On Tuesday, the BWF Ethics Hearing Panel slapped a 20-year-ban on Zulfadli for “actual and attempted match and point-fixing” which was “for the purposes of betting”.
The panel also served a 15-year ban on Chun Seang for the same offence.
They were fined US$25,000 (RM98,000) and US$15,000 (RM59,000) respectively. The bans cover administrative, coaching, officiating, or developmental functions.
Zulfadli wants another chance to be heard by the BWF to defend himself and plans to make an appeal.
“I’ve no money to pay the fine. I’m pleading to the Sports Ministry and Badminton Association of Malaysia (BAM) to help me and stop this oppression by BWF.”
Zulfadli claims that the world body had not given him a fair trial.
“I was asked to attend an interview in 2016 but instead I was interrogated by a so-called experienced policeman from Scotland Yard,” said Zulfadli.
“It was hard for me to understand his Scottish accent as my English is not that good. The interpreter given to me was unable to convey messages clearly.
“I was forced to hand over my handphone during my first interview. And they had this gadget where all my messages from my mobile were downloaded. I lost most of my data ... those messages were taken from five years ago and I could not remember most of it.
“All my conversations were in Bahasa Malaysia but they translated them into English. They picked messages that only had a few key words. It was taken out of context.”
When asked about talks about money transfers and dropping games and points, Zulfadli said: “Chun Seang and I are sponsored by Apacs. Sometimes, our sponsors do not pay in time and I needed money. So, it was about borrowing money.
“The points are about a game that we play in casino. Sometimes, players frequent casinos after or before matches – just to unwind. Most of the players do when the tournaments are abroad.”
But what irked him the most was that the BWF had no answers for his question on which match that he had committed match-fixing.
“They could not answer me,” he said.
“I would like to humbly apologise to all Malaysians, my family, and my fellow badminton players for the shame and humiliation the BWF decision against me has brought to others,” said Zulfadli.
“I’m not apologising for match-fixing for I did not do it. I’m apologising because of BWF’s decision against me.”
OTHER STATEMENTS BY ZULFADLI
• I am accused of events when I was merely 19-year-old (2013 Korean GP).
• No one knows which matches in each of the Grand Prix did I fixed – the prosecution nor BWF know.
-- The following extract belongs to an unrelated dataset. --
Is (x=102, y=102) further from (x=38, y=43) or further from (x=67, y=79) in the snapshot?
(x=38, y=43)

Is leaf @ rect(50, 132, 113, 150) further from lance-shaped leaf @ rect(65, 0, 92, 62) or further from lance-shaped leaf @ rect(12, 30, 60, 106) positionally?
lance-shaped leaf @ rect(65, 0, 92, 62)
It’s like I am being charged for murder but no one knows who was murdered.
• The WhatsApp messages were cherry-picked. A single word from an entire paragraph is used against me and the entire paragraph is not disclosed.
• My case is the first by BWF but their decision of 20 years suspension with the fine is excessive.
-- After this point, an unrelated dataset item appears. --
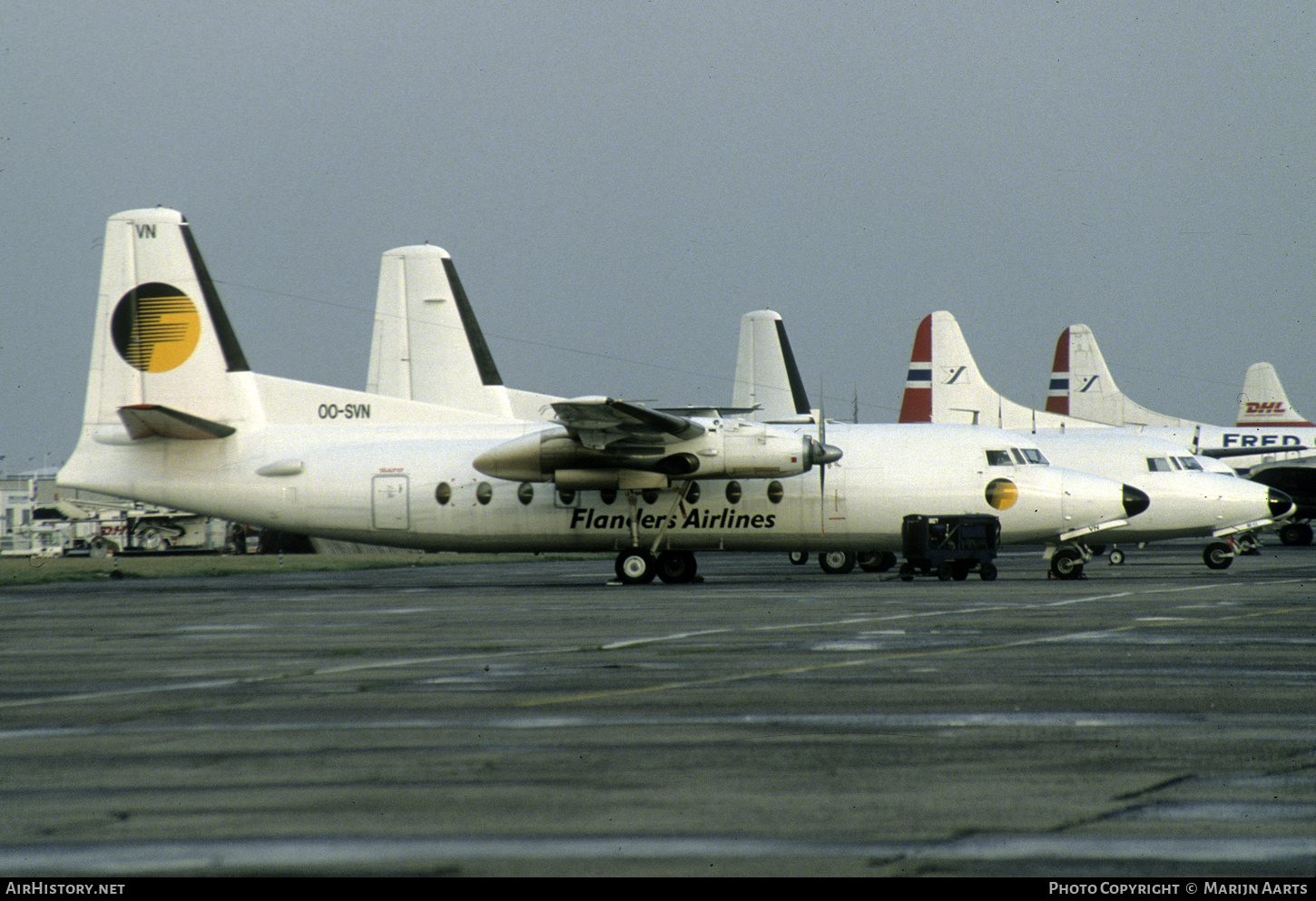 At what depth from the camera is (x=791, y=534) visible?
2556 cm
• I attended the hearing in Singapore (Feb 26-27) because I knew I did no wrong.
• My text to an Indian national player (whistleblower) contained broken English but it was basically him asking me to change the schedule of a game to catch his flight and my answers to him.
• One of my charges at the 2013 Korean GP was walking away from a match. I walked away because of biased judging during my match and the incident was broadcasted by media and confirmed by a Badminton Association of Malaysia (BAM) official.
• My request to bring my sponsor as a witness was not entertained.